In 2009, Scottish Television filmed a five-part documentary at the Royal (Dick) School of Veterinary Studies. Some of the cases shown on the documentary follow a wild swan needing an endoscopy, a horse in emergency colic surgery, a skunk being neutered, a chameleon with an eye infection, and the removal of a tumour near a cat's heart.

=== William Dick Building ===
The William Dick Building, was opened for teaching in September 2011 by Anne, Princess Royal and sits on the Easter Bush Campus. It contains purpose-built facilities for veterinary teaching, including a clinical skills laboratory, anatomy facilities and two lecture theatres. It holds a canteen which is open to staff, students and the general public. The Scottish figurative sculptor Andy Scott (sculptor) created the original artwork Canter for the facility's opening.

=== National Avian Research Facility ===
In September 2013, the National Avian Research Facility was opened on the Easter Bush campus in partnership with the Pirbright Institute. NARF's mission is to improve the productivity, health and welfare of poultry through research on host-pathogen interactions, avian genetics, development and physiology using state-of-the-art technologies.

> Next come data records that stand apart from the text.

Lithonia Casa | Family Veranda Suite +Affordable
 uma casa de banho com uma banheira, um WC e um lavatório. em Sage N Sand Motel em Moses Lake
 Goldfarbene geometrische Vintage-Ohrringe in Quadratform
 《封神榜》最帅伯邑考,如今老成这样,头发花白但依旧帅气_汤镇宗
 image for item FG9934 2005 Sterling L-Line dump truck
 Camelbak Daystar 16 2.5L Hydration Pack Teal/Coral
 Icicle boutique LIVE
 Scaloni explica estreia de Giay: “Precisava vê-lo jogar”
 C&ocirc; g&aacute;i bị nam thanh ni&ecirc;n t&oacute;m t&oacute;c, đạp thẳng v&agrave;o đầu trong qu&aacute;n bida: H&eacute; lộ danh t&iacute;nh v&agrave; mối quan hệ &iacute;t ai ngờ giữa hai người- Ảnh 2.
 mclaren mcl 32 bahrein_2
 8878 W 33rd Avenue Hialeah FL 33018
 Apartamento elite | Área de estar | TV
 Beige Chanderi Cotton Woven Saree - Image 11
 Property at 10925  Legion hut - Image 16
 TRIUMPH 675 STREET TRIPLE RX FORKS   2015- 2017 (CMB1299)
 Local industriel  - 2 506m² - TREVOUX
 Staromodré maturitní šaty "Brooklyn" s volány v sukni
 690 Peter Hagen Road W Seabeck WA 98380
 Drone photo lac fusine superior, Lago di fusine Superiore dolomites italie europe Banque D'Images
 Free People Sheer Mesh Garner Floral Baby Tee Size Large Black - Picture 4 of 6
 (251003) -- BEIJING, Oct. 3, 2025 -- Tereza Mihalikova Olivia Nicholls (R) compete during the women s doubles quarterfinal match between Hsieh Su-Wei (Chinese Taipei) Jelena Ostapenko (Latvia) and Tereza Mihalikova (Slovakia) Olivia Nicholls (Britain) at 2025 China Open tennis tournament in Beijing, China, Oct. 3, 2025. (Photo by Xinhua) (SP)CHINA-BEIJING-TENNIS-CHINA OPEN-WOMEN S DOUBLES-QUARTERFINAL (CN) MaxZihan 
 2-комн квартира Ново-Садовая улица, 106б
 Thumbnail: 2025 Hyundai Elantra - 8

=== Charnock Bradley Building ===
The Charnock Bradley Building is a hub for the Easter Bush Campus, providing a home for the Roslin Innovation Centre, Easter Bush Science Outreach Centre (EBSOC) and the Easter Bush Gym. Opened in May 2018 by the Princess Royal the building contains office and laboratory space. Located in front of the building sits Canter a sculpture by Andy Scot, who is best known for The Kelpies. it was unveiled in May 2018 at the same time as the building opened and the 15 ft steel statue of a horse's head forms the centrepiece of the entrance plaza.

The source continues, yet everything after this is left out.